━━━ DATA FOR THIS TASK
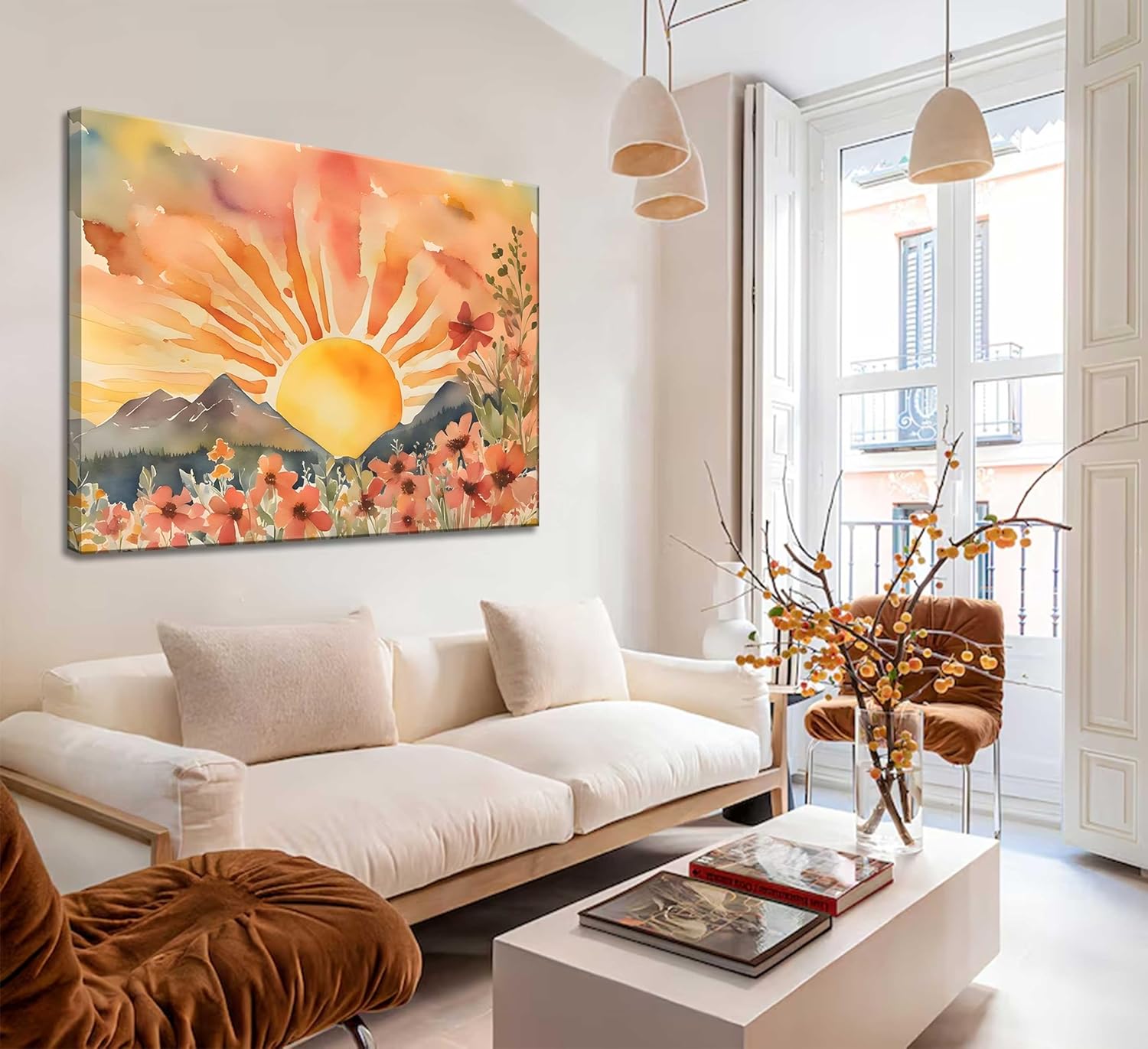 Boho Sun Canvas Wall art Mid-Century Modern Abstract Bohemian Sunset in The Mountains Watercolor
━━━━━━
━━━ DATA FOR THIS TASK
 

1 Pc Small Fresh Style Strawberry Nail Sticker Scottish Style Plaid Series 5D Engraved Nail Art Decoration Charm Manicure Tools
━━━━━━
━━━ DATA FOR THIS TASK
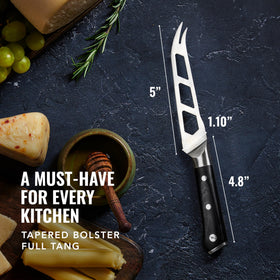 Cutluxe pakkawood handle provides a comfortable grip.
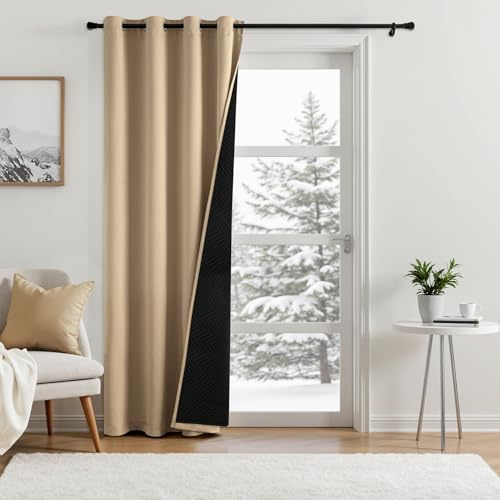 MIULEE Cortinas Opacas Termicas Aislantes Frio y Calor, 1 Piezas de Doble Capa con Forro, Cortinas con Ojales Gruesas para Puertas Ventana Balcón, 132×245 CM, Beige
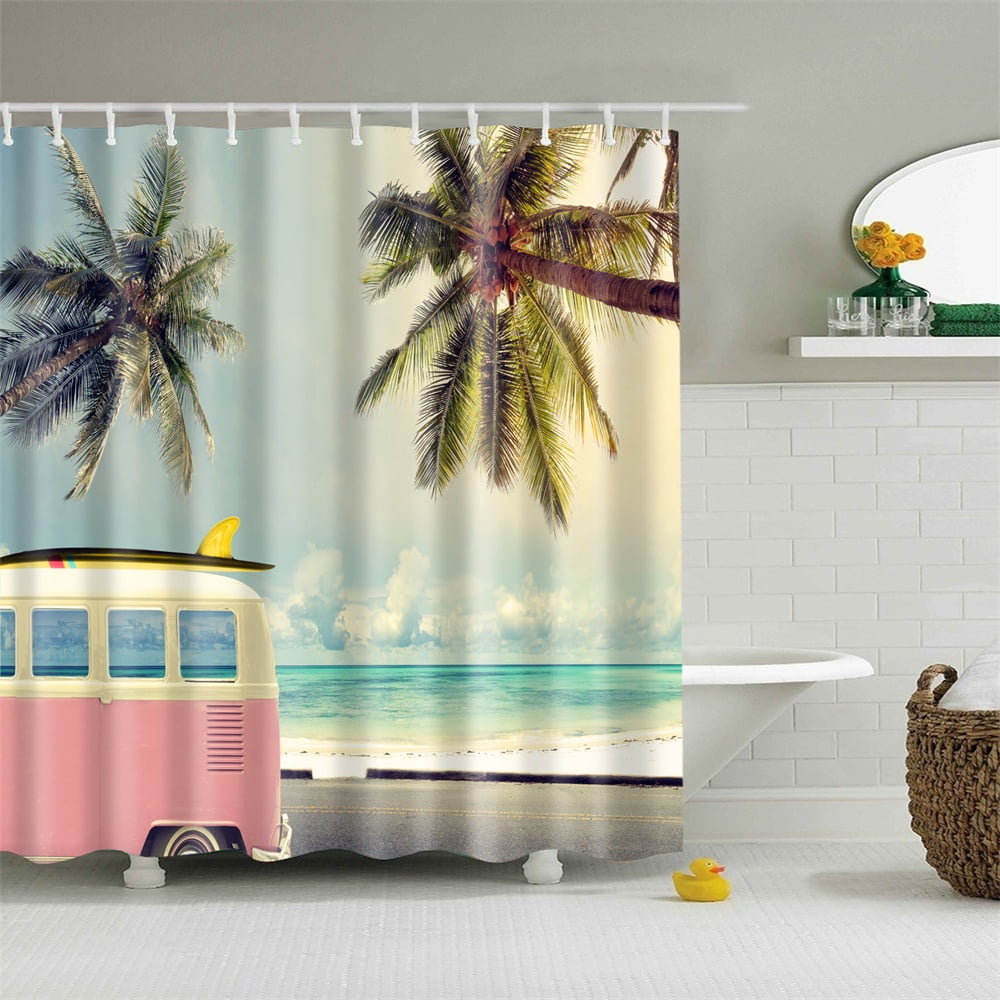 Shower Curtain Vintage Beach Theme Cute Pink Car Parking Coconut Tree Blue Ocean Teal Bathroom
━━━━━━
## PROMPT
Take the material above from the line bearing "Cutluxe pakkawood handle" through the line bearing "Shower Curtain Vintage" and write it out exactly, both end lines included. Pictures stay out.

## SOLUTION TO THE PROBLEM
 Cutluxe pakkawood handle provides a comfortable grip.
 MIULEE Cortinas Opacas Termicas Aislantes Frio y Calor, 1 Piezas de Doble Capa con Forro, Cortinas con Ojales Gruesas para Puertas Ventana Balcón, 132×245 CM, Beige
 Shower Curtain Vintage Beach Theme Cute Pink Car Parking Coconut Tree Blue Ocean Teal Bathroom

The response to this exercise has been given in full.